You cannot just add the ideal gas pressure and degeneracy pressure together for any particular species of particle. (Well, you can, but it would be a poor approximation to the actual pressure).
The trouble is that they are not separate things. In general, the electrons in the gas are partially degenerate and always obey Fermi-Dirac statistics. Unfortunately there is no analytic solution that gives you pressure as a function of temperature and density; you either have to use Tables of pre-calculated results, or there are analytic approximations that work well in certain regimes.
Clayton's Principles of Stellar Evolution and Nucleosynthesis contains some of these tables and also some better analytical approximations that work in certain regimes of (partial) degeneracy.
What is true is that you are fine to add to this pressure, the radiation pressure due to photons and the ideal gas pressure of the ions.

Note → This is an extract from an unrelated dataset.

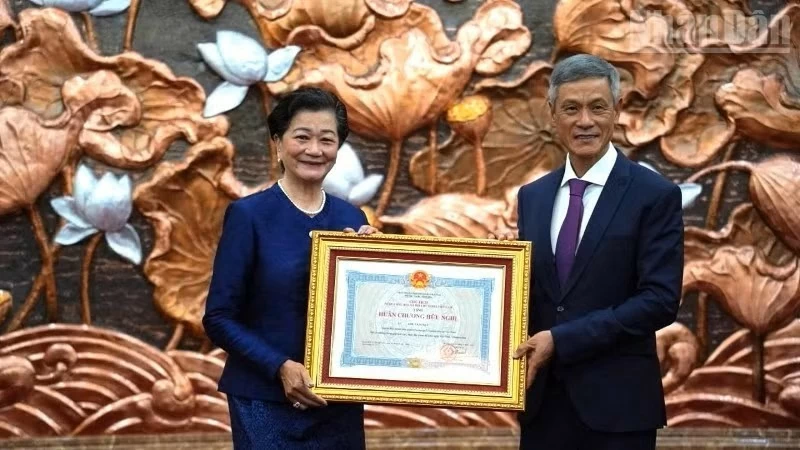 Lễ trao tặng Huân chương Hữu nghị cho bà Chea Kimtha, nguyên Đại sứ Campuchia tại Việt Nam Lễ trao tặng Huân chương Hữu nghị cho bà Chea Kimtha, nguyên Đại sứ Campuchia tại Việt Nam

EDIT: I realise that what may be troubling you is not the above, but why you can add the separate pressures together at all (eqn 122 in the notes you reference). The reason can be traced to eqn 31 in the same notes. This says that the pressure is an integral over the number density and momenta of individual particles. Note that this equation does not contain anything that identifies the particles (i.e. their mass). The integral can therefore be treated as a summation over all particles, which in turn can be separated into three integrals that cover the ions, electrons and photons separately.